The problem -
Could the records be returned exactly, with the pictures left out?

* * *

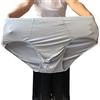 MAOAEAD Biancheria intima oversize da uomo 7XL 9XL slip da uomo di grandi dimensioni morbide e traspiranti in fibra di bambù mutandine larghe (confezione da 4, 7XL (vita 89-111,8 cm)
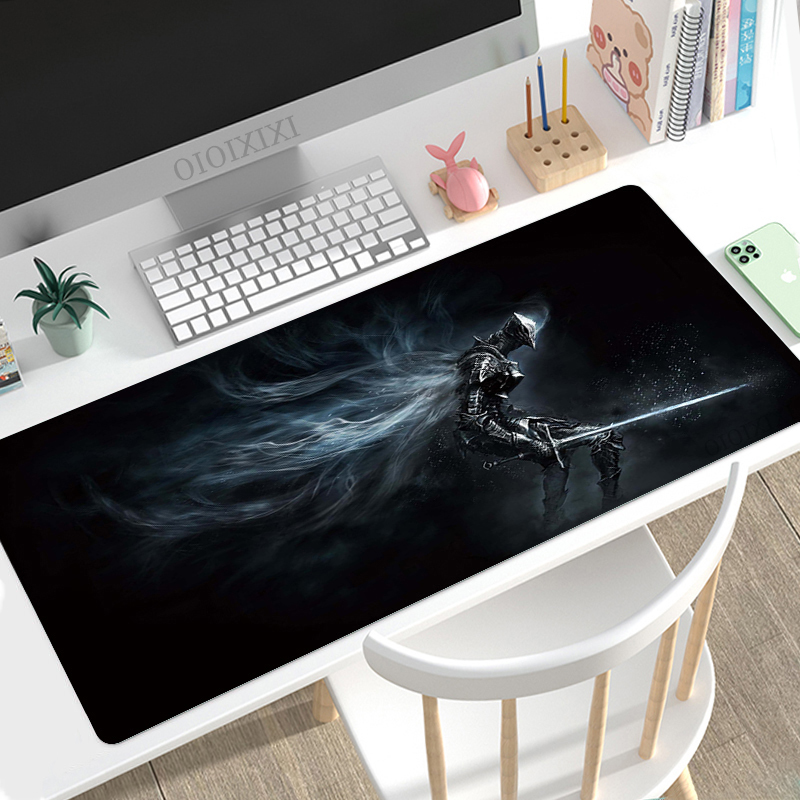 Dark Souls Mouse Pad Gamer XL  - مراجعة Desk Setup Dark وسعره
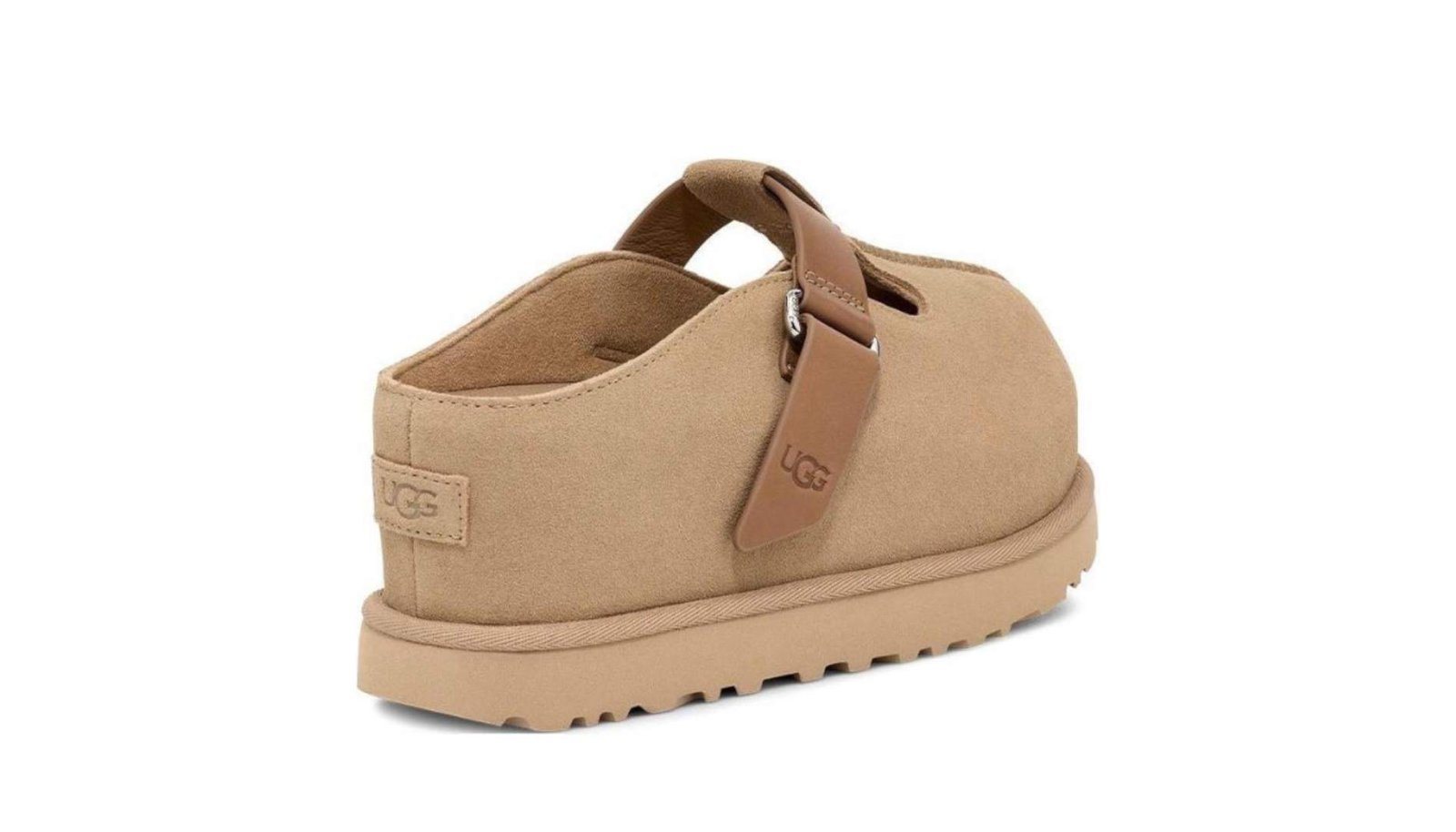 נעלי האג גברים | UGG Goldenstar Hi Clog Sand – תמונה 4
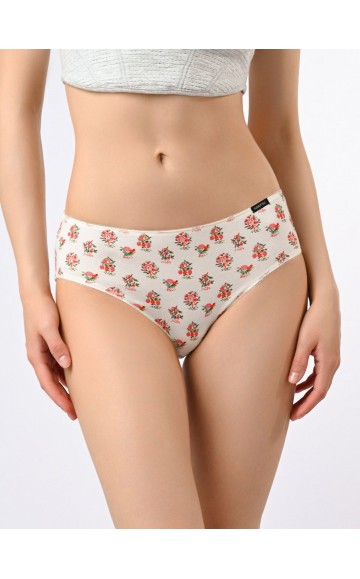 Женские трусы слипы Indefini 3191LUB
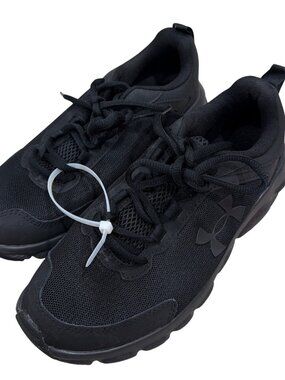 Under Armour 3024591 Black Athletic Running Shoes Womens US 7 EU 38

* * *

Answer section -
 MAOAEAD Biancheria intima oversize da uomo 7XL 9XL slip da uomo di grandi dimensioni morbide e traspiranti in fibra di bambù mutandine larghe (confezione da 4, 7XL (vita 89-111,8 cm)
 Dark Souls Mouse Pad Gamer XL  - مراجعة Desk Setup Dark وسعره
 נעלי האג גברים | UGG Goldenstar Hi Clog Sand – תמונה 4
 Женские трусы слипы Indefini 3191LUB
 Under Armour 3024591 Black Athletic Running Shoes Womens US 7 EU 38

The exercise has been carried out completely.